◆ Material for the task ◆
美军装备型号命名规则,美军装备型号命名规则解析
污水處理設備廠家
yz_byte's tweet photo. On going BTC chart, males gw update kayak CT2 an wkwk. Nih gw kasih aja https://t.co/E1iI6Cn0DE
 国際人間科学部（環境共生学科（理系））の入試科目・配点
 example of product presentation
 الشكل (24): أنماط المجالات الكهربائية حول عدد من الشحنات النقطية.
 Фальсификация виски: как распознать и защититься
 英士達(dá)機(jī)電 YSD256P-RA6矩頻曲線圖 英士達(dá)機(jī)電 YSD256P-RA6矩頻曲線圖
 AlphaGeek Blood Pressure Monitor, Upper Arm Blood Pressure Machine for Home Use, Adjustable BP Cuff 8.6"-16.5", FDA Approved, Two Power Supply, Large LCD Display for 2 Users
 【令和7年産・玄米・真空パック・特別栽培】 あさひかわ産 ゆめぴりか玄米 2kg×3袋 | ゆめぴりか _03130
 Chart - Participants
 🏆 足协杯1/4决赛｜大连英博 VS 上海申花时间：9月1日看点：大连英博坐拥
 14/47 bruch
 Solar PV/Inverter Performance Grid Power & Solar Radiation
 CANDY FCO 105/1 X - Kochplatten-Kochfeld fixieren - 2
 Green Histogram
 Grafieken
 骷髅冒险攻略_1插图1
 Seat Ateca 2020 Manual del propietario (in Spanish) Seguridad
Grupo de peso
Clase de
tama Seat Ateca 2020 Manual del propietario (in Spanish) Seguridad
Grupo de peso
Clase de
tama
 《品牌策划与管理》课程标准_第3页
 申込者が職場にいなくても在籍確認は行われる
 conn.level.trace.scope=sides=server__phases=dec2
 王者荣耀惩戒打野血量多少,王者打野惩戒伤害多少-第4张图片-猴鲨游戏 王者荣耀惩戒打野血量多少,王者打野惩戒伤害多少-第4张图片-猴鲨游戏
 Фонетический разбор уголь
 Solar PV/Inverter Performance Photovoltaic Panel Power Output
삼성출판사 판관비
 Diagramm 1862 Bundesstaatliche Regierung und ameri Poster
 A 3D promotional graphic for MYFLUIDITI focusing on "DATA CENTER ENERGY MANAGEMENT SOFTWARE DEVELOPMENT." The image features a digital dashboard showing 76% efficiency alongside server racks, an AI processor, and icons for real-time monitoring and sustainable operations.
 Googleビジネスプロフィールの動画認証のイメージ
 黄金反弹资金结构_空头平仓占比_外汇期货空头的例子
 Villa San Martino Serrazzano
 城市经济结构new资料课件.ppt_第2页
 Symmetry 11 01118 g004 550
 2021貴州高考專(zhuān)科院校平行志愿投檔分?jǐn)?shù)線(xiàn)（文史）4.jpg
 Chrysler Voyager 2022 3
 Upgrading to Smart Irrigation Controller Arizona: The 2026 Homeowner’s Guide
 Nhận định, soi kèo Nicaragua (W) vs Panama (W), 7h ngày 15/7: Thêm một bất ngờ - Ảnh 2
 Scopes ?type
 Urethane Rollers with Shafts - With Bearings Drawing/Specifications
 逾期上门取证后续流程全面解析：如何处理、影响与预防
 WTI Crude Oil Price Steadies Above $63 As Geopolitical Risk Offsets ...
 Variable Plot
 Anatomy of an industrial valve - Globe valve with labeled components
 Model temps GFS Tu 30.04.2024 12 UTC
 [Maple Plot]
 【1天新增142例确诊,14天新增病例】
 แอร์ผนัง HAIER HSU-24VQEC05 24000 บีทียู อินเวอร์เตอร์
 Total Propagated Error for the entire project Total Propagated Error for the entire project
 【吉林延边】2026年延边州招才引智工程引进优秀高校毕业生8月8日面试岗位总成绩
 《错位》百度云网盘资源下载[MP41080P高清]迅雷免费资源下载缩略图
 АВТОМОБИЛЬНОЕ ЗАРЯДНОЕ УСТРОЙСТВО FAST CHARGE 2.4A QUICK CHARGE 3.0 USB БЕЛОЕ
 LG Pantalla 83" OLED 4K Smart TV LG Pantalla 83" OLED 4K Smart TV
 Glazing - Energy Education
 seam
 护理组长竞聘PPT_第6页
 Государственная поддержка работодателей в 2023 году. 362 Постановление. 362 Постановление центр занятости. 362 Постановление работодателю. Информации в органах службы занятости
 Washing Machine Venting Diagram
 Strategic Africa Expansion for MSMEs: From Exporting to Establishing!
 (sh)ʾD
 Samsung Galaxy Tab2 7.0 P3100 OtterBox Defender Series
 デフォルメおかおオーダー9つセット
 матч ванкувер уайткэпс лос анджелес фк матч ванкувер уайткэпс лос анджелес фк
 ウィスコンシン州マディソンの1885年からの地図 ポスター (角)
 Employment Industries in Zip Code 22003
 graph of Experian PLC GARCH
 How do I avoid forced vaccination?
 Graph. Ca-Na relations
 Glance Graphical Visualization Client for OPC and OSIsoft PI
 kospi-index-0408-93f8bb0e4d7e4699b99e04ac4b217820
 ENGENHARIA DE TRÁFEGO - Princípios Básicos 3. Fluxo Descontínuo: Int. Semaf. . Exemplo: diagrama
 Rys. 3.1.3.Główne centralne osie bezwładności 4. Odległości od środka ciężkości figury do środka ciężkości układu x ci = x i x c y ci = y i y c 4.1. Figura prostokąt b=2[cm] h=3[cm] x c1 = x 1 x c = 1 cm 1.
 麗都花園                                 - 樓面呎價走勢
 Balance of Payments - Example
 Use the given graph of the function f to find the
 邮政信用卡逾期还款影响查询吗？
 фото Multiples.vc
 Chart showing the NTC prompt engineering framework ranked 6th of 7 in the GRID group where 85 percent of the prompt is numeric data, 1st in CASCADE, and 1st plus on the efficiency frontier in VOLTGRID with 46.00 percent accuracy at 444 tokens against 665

◆ The problem ◆
The lines to copy are those in the listing that contain the word "Power".

◆ Result for this task ◆
 AlphaGeek Blood Pressure Monitor, Upper Arm Blood Pressure Machine for Home Use, Adjustable BP Cuff 8.6"-16.5", FDA Approved, Two Power Supply, Large LCD Display for 2 Users
 Solar PV/Inverter Performance Grid Power & Solar Radiation
 Solar PV/Inverter Performance Photovoltaic Panel Power Output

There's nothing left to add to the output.